◆ **Try it**
Set down exactly the lines that run from the one containing "سیر|خوردنی و آشامیدنی|علی‌آباد کتول, |دیوار" to the end of the material below, both included, without pictures.

◆ **Material for this exercise**
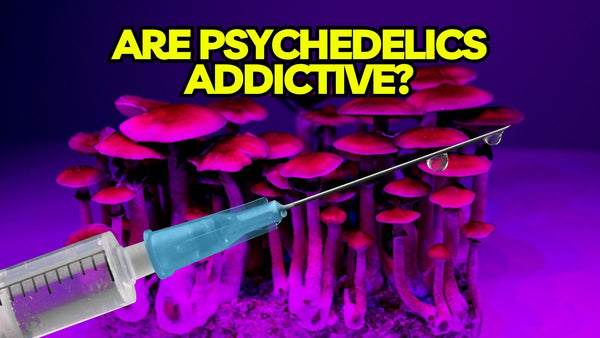 Are Psychedelics Addictive?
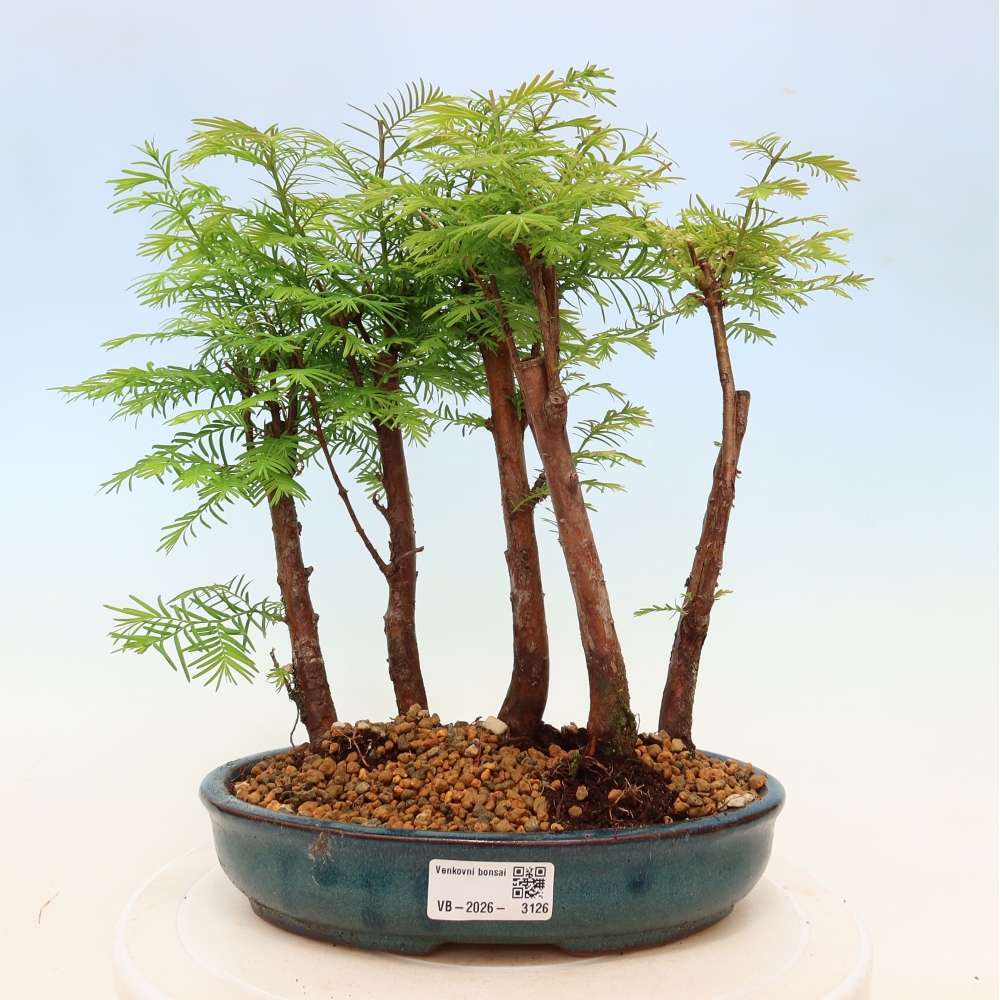 Bonsaï d'extérieur - Metasequoia glyptostroboides - Métaséquoia de Chine - petit bosquet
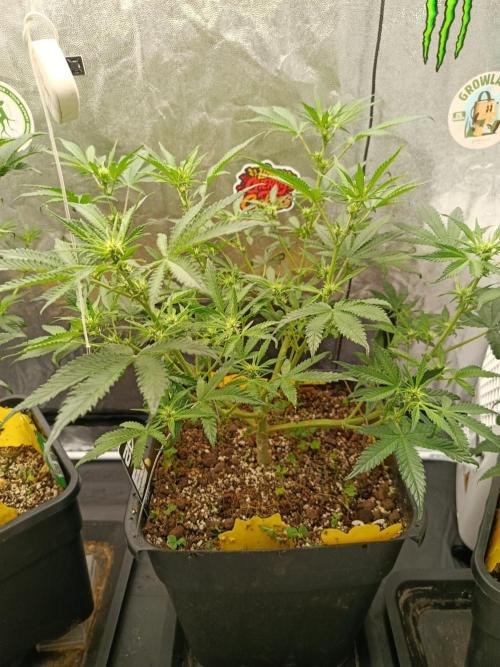 2x FastBuds 1x Barneys Farm. Week 5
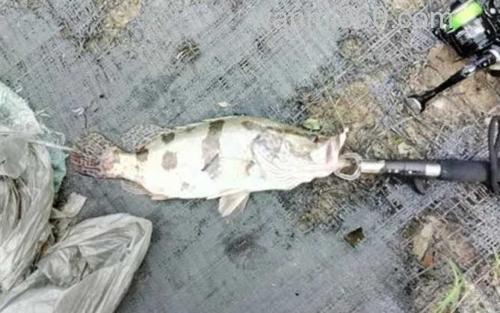 路亚鳜鱼_0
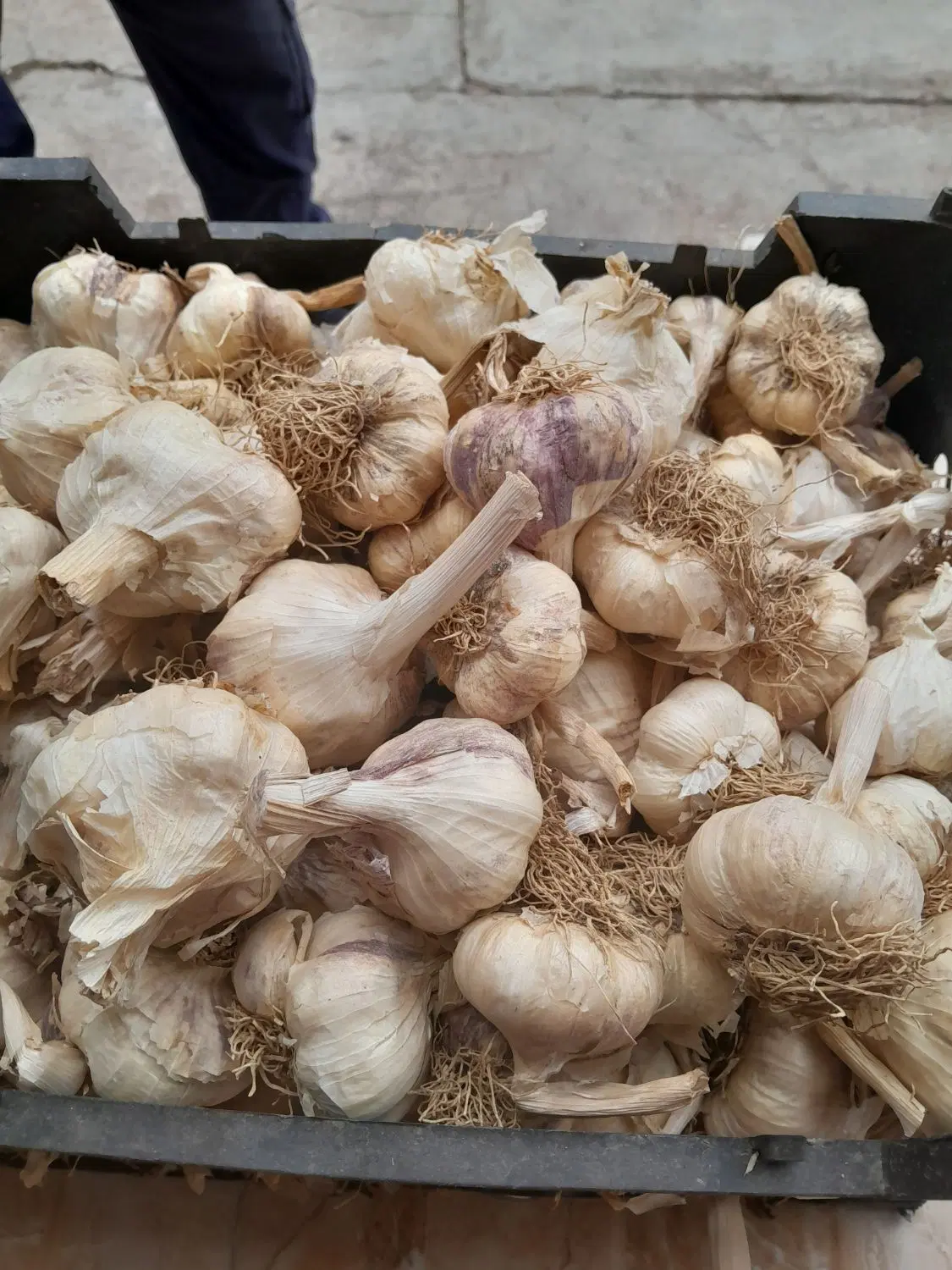 سیر|خوردنی و آشامیدنی|علی‌آباد کتول, |دیوار
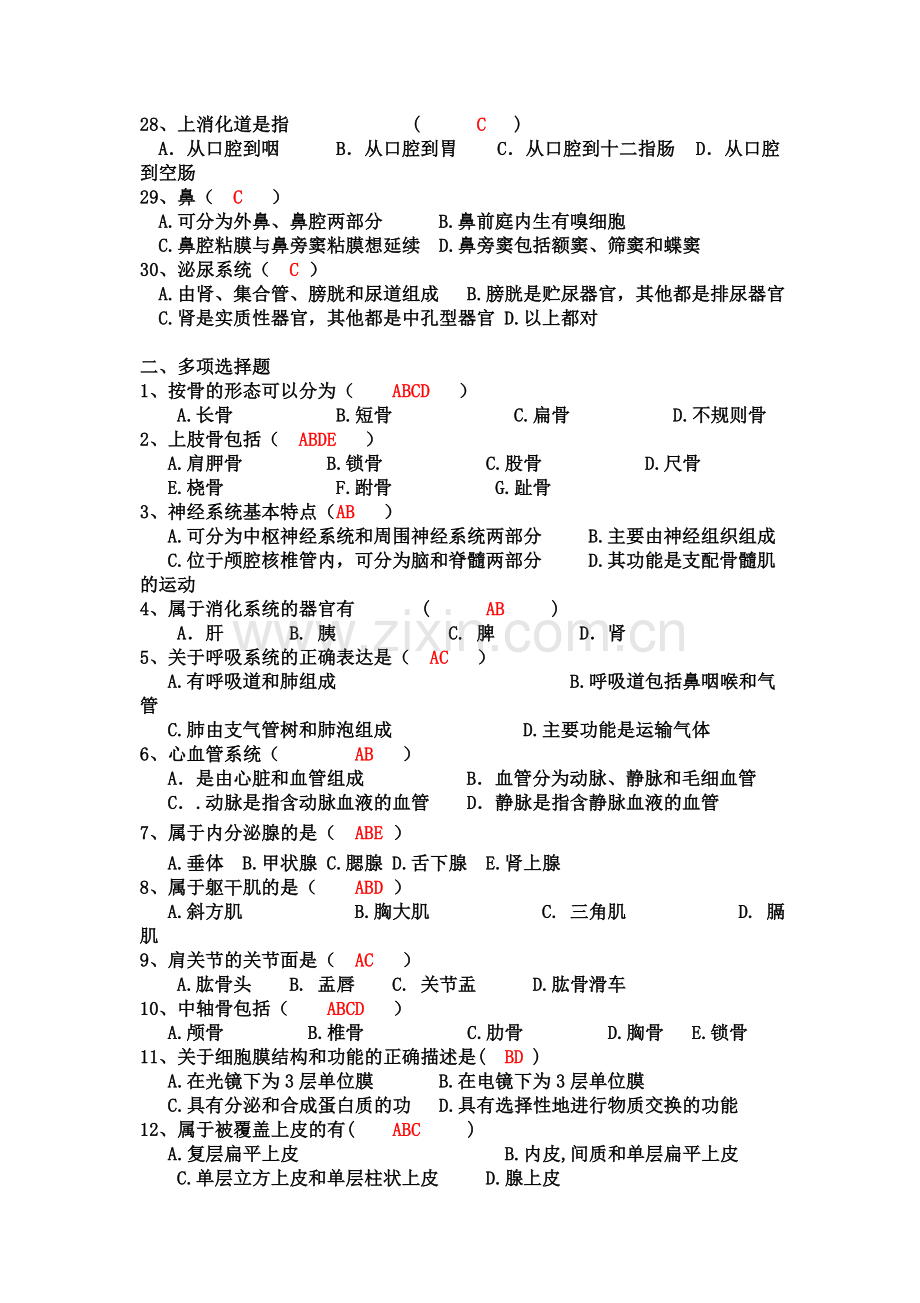 运动解剖学试题册答案.doc_第3页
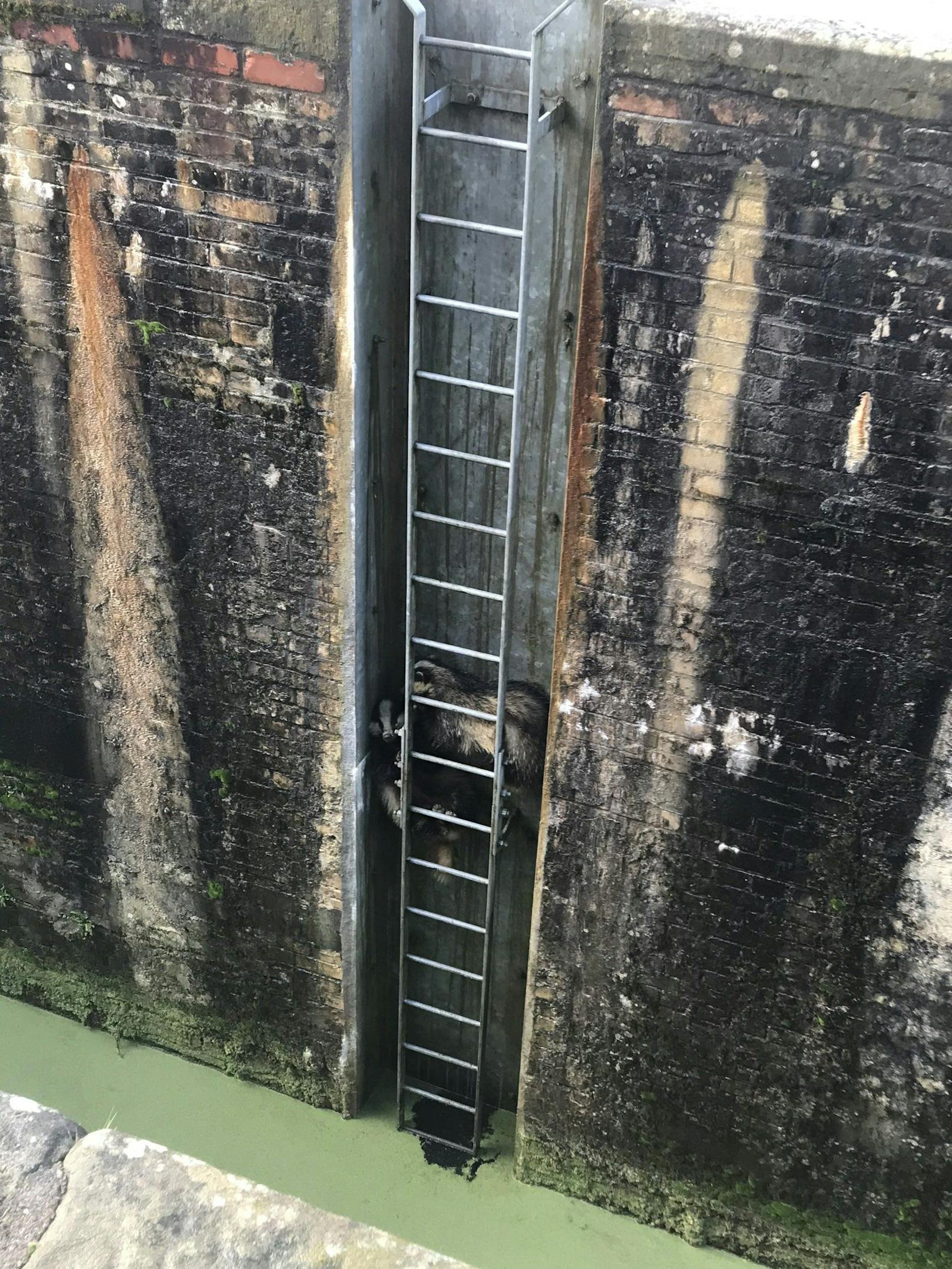 Zwei Dachse waren zwischen Mauer und Leiter bei einem Kanal eingeklemmt.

◆ **Response box**
 سیر|خوردنی و آشامیدنی|علی‌آباد کتول, |دیوار
 运动解剖学试题册答案.doc_第3页
 Zwei Dachse waren zwischen Mauer und Leiter bei einem Kanal eingeklemmt.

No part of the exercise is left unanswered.